My sorrow.  My grief.  My heartache.

In the visual contrast between the beauty of Frida’s body, and the violent violation of her injury ripping through her centre, I understood the conflict I feel towards my own body.  I saw, for the first time, through the eyes of another, that my relationship with myself doesn’t have to be either or.  That beauty and vibrancy and life can co-exist alongside destruction, and pain, and illness.

And in her steadfast stare and upright posture I felt her strength, her defiance.  Her courage.  Her hunger for life. 

I cried for close to an hour as I sat with the image of this painting on my lap, tracing it softly with my finger.  Waves of alternating emotions washing over me, accelerated in turn by grief, strength, power, and pain.

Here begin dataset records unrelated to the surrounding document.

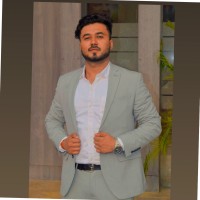 Aman Kumar dubey
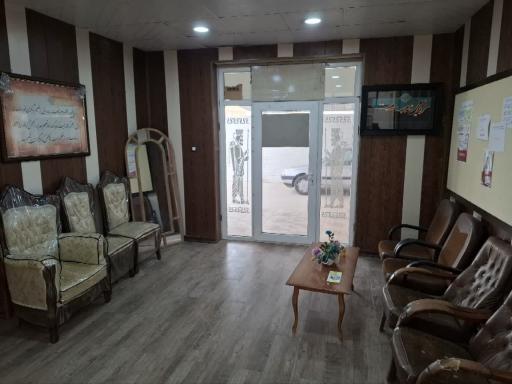عکس مرکز مشاوره بهار زندگی 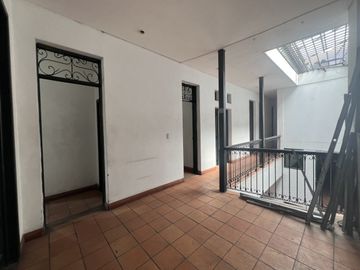Venta Casa Esquinera En El Centro De Cali, San Pedro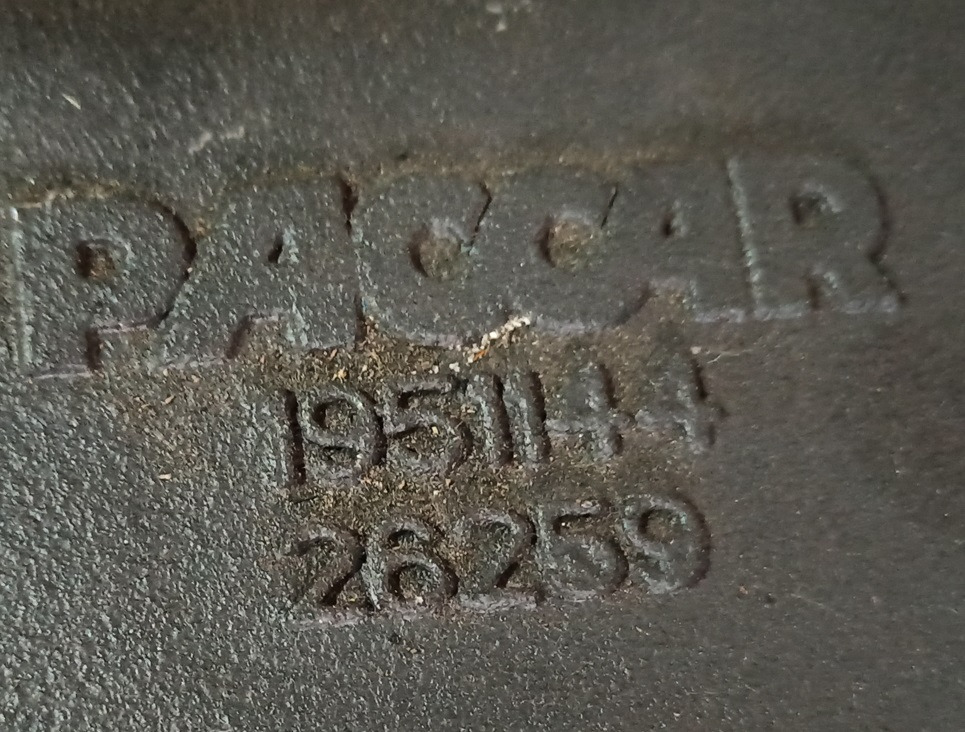 KOLEKTOR SSĄCY DAF XF 106 440 MX11 1951144 - Intake manifold: picture 2 KOLEKTOR SSĄCY DAF XF 106 440 MX11 1951144 - Intake manifold: picture 2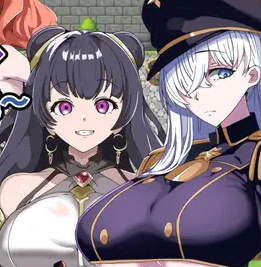 My Mind Control Town ~Ladies Lost to Pleasure~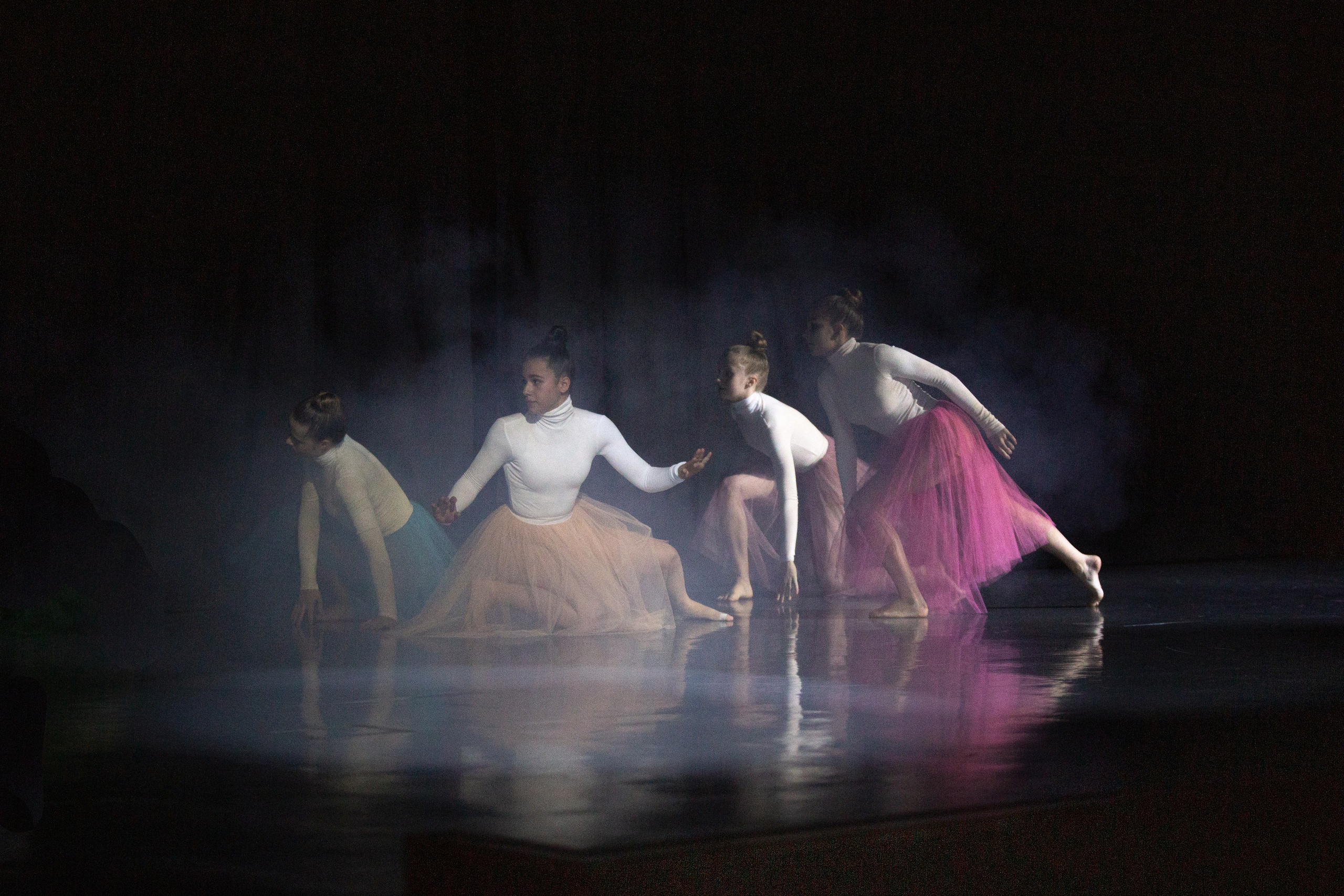 Репортаж. Выпускной альбом в Реутово для школ и детских садов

Frida sought to make sense of her reality by painting it, and through her endeavour I found my own solace.  But more than that, I found connection.  Compassion.  Understanding.  Separated by seventy-seven years and over five-thousand miles. 

It is of great comfort to know that no matter how lonely and isolated our lives may feel at times, no matter how distant, there are threads of human experience that bind us all.  Across continents, and eras, and external experience.

A print of The Broken Column now hangs in our bedroom, alongside the contrasting colour of The Frame; another of Frida’s self-portraits. I can see it reflected in the mirror opposite as I write this post from bed; a parallel with Frida – who created much of her own art from bed – that is not lost on me.

Through my rediscovery of Frida I felt the full force of the power of art for the first time. 

Or, more specifically, the power of painting.